Thursday, February 10, 2005

Big Tradeskilling Changes

Along with many other changes, these notes showed up on the test servers today:



  • Four new crafting abilities have been discovered: apothecary, weaving, timbercraft, and geomancy. These skills allow all artisans to refine the materials and components needed to make final products. New recipe books can be found on merchants or scattered throughout Norrath which teach you how to use these skills. Artisans automatically gain 5 points per level in these skills.

  • New events and reaction arts have been created for apothecary, weaving, timbercraft, and geomancy. Reaction arts for these skills are based on thaumaturgy, binding, woodcraft, and geocraft. These skills increase through use. The higher your skill level, the better your chances of creating higher-quality items.

  • All tradeskill recipes now require a new type of fuel at each tier. Fuel cost increases with level.

  • A bug causing certain artisan-related skills to be 5 points too high has been corrected.

  • The Advanced Scholar 15 book has been added to the appropriate loot drops.

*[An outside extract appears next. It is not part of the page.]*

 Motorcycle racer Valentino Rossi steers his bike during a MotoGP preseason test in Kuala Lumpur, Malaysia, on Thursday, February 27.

  • The biggest and most controversial change is that washes, oils, resins, and tempers (WORT) will no longer be the exclusive province of the alchemist. All classes that need them will be able to make them, using new abilities and reaction arts. This implies that the are different recipes, as well.

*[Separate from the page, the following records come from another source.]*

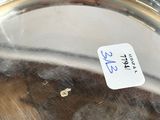 a close up of a silver plate with a tag on it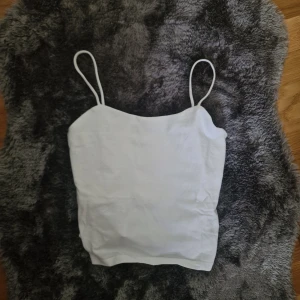 Vit linnetopp från XOXO friends - Säljer en enkel och stilren vit linnetopp från XOXO friends i storlek 158/164. Toppen har tunna axelband och rak skärning, perfekt för varma dagar eller som lager under skjorta. Gjord i mjuk bomull som känns skön mot huden.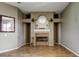 Spacious living room featuring decorative fireplace, neutral tones, and wood-look flooring at 1547 Daylily Dr, Trinity, FL 34655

    I haven't seen definitive data on this yet, but I'd like to know whether all tradeskillers can make WORTs in the same volumes that alchemists can. I can easily imagine a recipe that only produced in quantities of 2 or 3 at the highest quality tier. So while you can produce your own, the alchemist can do it more cheaply, which gives a reason for trade to occur. I hope that's what happens. If I find out more, I'll post about it. Word is that the changes to interdependence don't affect everything you expect to get from other tradeskillers, just the basic refines. So perhaps everyone who needs lumber can make it. And everyone who needs to refine carbonite can make it. Inks will still be exclusive to alchemists beyond tier 2. I'm not sure where this leaves sages. Will they be able to make paper? I hope so.

    This is fairly disappointing to those like me who recently decided not to become a sage based on the difficulty we saw the sage class would have in leveling. Of course, that also means it was probably a good idea to fix it. I'd love to see some statistics on the numbers of different classes. It seems that alchemists clearly had too much to do.

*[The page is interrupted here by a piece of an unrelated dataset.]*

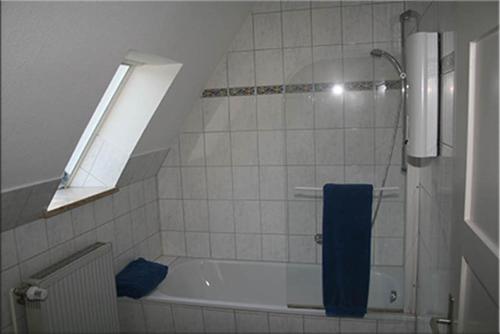 a bathroom with a bath tub with a blue towel at Ferienwohnung Franken in Fürth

    Another major change has to do with the new fuel requirements. This seems aimed at a tradeskilling technique known we'll call cancellation. If a combine is stopped before the first progress bar is completed, only the fuel is lost, and no combine is produced. If you are attempting a difficult combine with expensive primary or secondary components, this is an invaluable technique. Whenever you get less than satisfactory results at the beginning of a combine, cancel it and try again. At the moment, this costs 6 copper. So you go for it. It might even make sense to hold out for a complete string of successes in the first tier, cancelling at the first -50 to durability.

    But now the cost of fuel is level dependent. Cancellation just became a lot more expensive. Whether you will do it or not depends on how valuable your primary components are in comparison, and how important it is to get to pristine. If you are making stuff for a secondary slot, where quality doesn't matter, then you probably won't bother. If you are making an item from a rare drop, you most certainly WILL bother, even when you are consuming 3 fuel per try.

    There are a few store-bought components for poisons and essences; the prices on these have been reduced, probably to rebalance the costs of poisons and essences. The message is clear, alchemists should be focusing on making potions, poisons, and essences, not WORT. If they aren't, it's a sign that game design goals are not being met, and adjustment is needed. But nobody likes being the ball being hit by the nerf bat.